Consumer price data appears to support Moore's inflation argument initially. The Consumer Price Index reached 2.4 percent in February 2026, below the 3 percent threshold some economists predicted would trigger catastrophe. Yet Federal Reserve Chair Jerome Powell provided crucial context during congressional testimony. "These elevated readings largely reflect inflation in the goods sector, which has been boosted by the effects of tariffs," Powell stated.

The administration's core promise — industrial rebirth — collapsed under economic reality. Manufacturing lost between 89,000 and 100,000 jobs between April 2025 and February 2026. The sector contracted for nine consecutive months after Liberation Day. Manufacturing structures investment plummeted 15 percent, from $230.9 billion in January 2025 to $196.2 billion in January 2026.

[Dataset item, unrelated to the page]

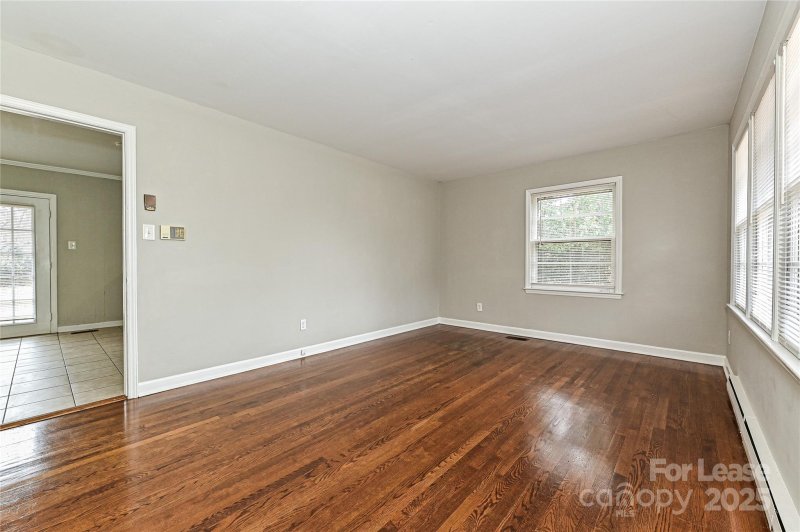 Property image 5 at 3923 Winterfield Place, Charlotte, NC 28205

Trump's executive order explicitly aimed to "rectify trade practices that contribute to large and persistent annual United States goods trade deficits." Instead, the goods trade deficit hit a record $1.24 trillion in 2025, rising 2 percent from 2024. Imports increased 4 percent to $3.4 trillion while exports grew 6 percent to $2.2 trillion.

Americans bore the tariff costs despite administration claims that foreign countries would pay. A New York Federal Reserve study found Americans absorbed 94 percent of tariff costs in August 2025. Yale Budget Lab estimated 76 percent pass-through to consumers by the end of 2025.

Investment pledges failed to materialize at promised levels. Trump claimed $6 to $18 trillion in new investment would follow Liberation Day. Actual foreign direct investment reached $288.4 billion in 2025, below the 10-year average of $320.7 billion. Japan pledged $550 billion but delivered only $36 billion in its first projects by February 2026. A November 2025 survey found 64 percent of U.S. businesses had no plans to reshore production.

Policy uncertainty compounded the damage. "By our count, tariffs changed more than 50 times between Liberation Day and now," said Erica York, vice president of federal tax policy at the Tax Foundation. "There was just no way for businesses to plan." Half of German companies surveyed said they planned to invest less or postpone U.S. investment.

The Supreme Court delivered a legal blow on Feb. 20, ruling 6-3 that the International Emergency Economic Powers Act does not authorize presidential tariffs. The government collected $160 billion to $166 billion under the invalidated authority. More than 26,664 importers have signed up for refunds worth approximately $120 billion as of March 26.

Trump administration officials quickly pivoted to alternative authorities. The White House imposed a temporary 10 percent global tariff under Section 122 of the Trade Act of 1974, which expires after 150 days. U.S. Trade Representative Jamieson Greer initiated Section 301 investigations against 16 economies on excess capacity and 60 economies on forced labor in March.

"The best is yet to come as President Trump's tariff program incentivizes domestic production, raises workers' wages, and reinforces our critical supply chains," Greer told Reuters this month.

Yet the data tells a consistent story of protectionist policy failure. While mainstream economists overstated inflation risks, they correctly predicted manufacturing damage, trade deficit expansion, and consumer cost increases. The partial vindication reveals a fundamental truth: government intervention through tariffs hurt American workers and consumers while failing to achieve its stated goals.